# Exercise requirements
With the pictures left out, reproduce exactly the lines running from the line with "A large Victorian" to the last line of the material below.

# Data provided

BEGIN

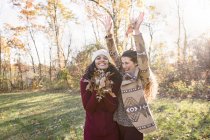 Dos mujeres divirtiéndose con hojas en el bosque - foto de stock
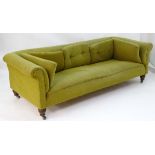A large Victorian Chesterfield style sofa raised on turned legs terminating in ceramic castors.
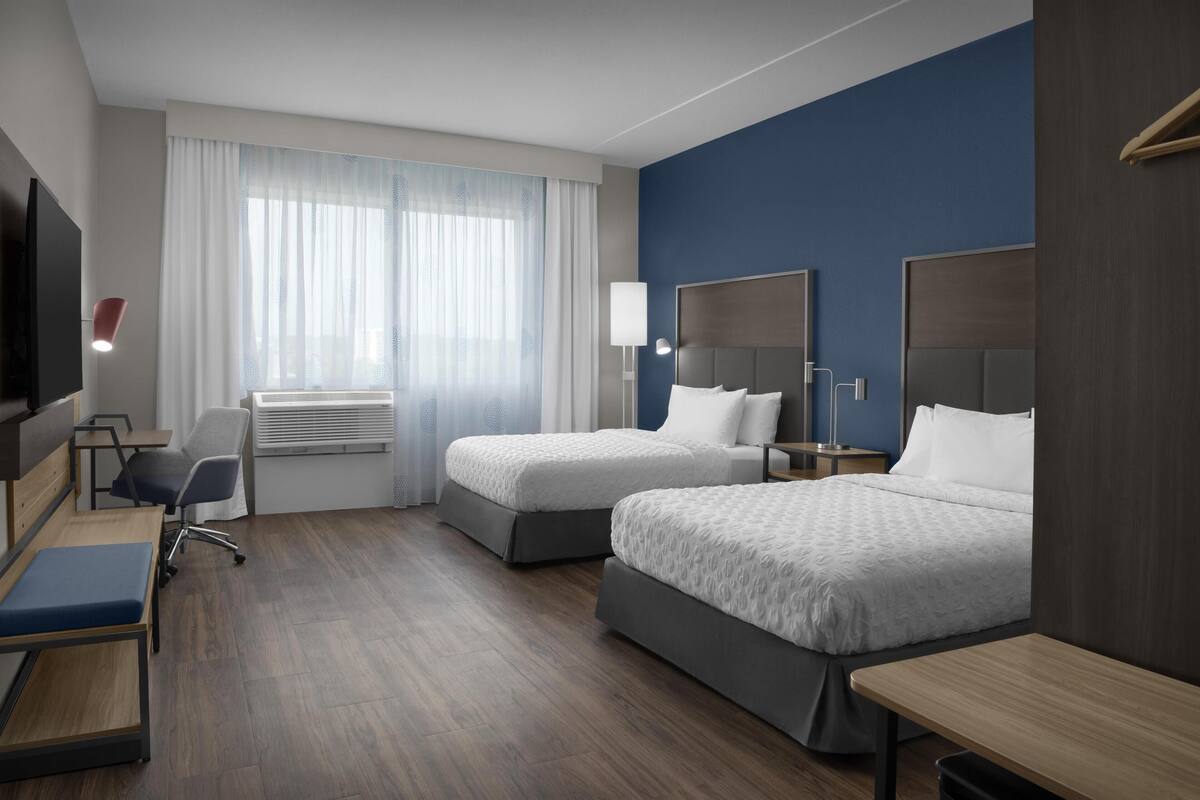 Una habitación de hotel con dos camas, un escritorio, una silla, un televisor y una ventana con cortinas.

END

# Output for this task
A large Victorian Chesterfield style sofa raised on turned legs terminating in ceramic castors.
 Una habitación de hotel con dos camas, un escritorio, una silla, un televisor y una ventana con cortinas.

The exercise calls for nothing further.